Trains are usually a safe way to travel. I often use Amtrak to travel from Boston to New York and back. However, in recent years we have seen several derailments and incidents that are forcing Americans to rethink. An Amtrak train derailed in Philadelphia killing eight passenger and injuring over 200. The train was apparently traveling on a curve at 106 MPH. This route only allows traveling at 50 MPH. The derailment occurred at around 9:30 PM.
Survivors of Amtrak 188 had to escape from mangled train cars, many of them with severe injuries. As the train derailed, they were flung around like dolls crashing into each other, luggage compartments and the walls of the train’s cabin. The experience was terrifying. Some survivors described the train as speeding up while others did not notice any difference. In response to the incident, Amtrak vows to install positive train control which allows workers who monitor the rails to take control of any train that does not break in time or is going faster than it should. The engineer was identified as Brandon Bostian of Queens, N.Y. Based on his work records, he seemed to be fond on safety. According to the “black box” recorder of the train, Bostian applied the full emergency brake application. Three seconds later, no data was recorded and then data appeared showing that the train’s speed was 102 MPH. Bostian spoke briefly to police at the scene but then remained silent. He is claiming to have no recollection of the incident. Some speculate that his lawyers from the union may have told him to tell this to officials in order to give them time to prepare any defense.

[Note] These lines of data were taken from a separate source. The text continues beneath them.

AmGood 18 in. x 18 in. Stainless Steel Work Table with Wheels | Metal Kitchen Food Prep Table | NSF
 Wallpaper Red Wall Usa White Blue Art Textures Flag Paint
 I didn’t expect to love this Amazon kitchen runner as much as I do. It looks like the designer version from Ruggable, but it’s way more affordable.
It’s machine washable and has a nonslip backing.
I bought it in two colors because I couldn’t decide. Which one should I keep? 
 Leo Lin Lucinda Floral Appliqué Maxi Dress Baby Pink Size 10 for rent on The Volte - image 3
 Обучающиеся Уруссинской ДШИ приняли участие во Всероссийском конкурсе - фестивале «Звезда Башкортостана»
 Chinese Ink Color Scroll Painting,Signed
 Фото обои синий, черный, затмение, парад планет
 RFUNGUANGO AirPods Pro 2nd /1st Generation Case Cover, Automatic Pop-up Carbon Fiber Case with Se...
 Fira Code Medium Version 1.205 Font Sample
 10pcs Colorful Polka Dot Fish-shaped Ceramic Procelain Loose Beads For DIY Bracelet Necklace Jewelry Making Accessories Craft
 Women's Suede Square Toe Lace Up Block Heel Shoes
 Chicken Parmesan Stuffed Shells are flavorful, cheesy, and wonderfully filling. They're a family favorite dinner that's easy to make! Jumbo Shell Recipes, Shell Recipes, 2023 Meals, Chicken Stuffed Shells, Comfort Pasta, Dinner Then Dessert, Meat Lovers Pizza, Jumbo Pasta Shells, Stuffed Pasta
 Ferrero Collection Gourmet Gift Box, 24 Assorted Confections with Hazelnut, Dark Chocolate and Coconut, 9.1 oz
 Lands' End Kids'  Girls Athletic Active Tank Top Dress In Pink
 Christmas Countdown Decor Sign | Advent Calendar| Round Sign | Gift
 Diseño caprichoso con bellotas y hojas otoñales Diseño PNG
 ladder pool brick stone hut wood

Ironically, in 1943 a train derailed in the same area killing 79 people. However, the train tracks where the Amtrak derailment occurred was recently inspected and showed no signs of any problem. Among the dead are, Justin Zemser, 20, a midshipman at the U.S. Naval Academy; Jim Gaines, 48, a video software architect from Plainsboro, N.J., who worked for The Associated Press; Rachel Jacobs, the chief executive of ApprenNet, an education technology company in Philadelphia; Abid Gilani, a senior vice president of Wells Fargo; Derrick Griffith, a dean at CUNY Medgar Evers College; Bob Gildersleeve, a businessman; Laura Finamore, 47, a managing director at Cushman & Wakefield; and Giuseppe Piras, 41, a wine and oil merchant from Italy.
May these victims rest in peace. Let us pray for all those effected by this horrific incident.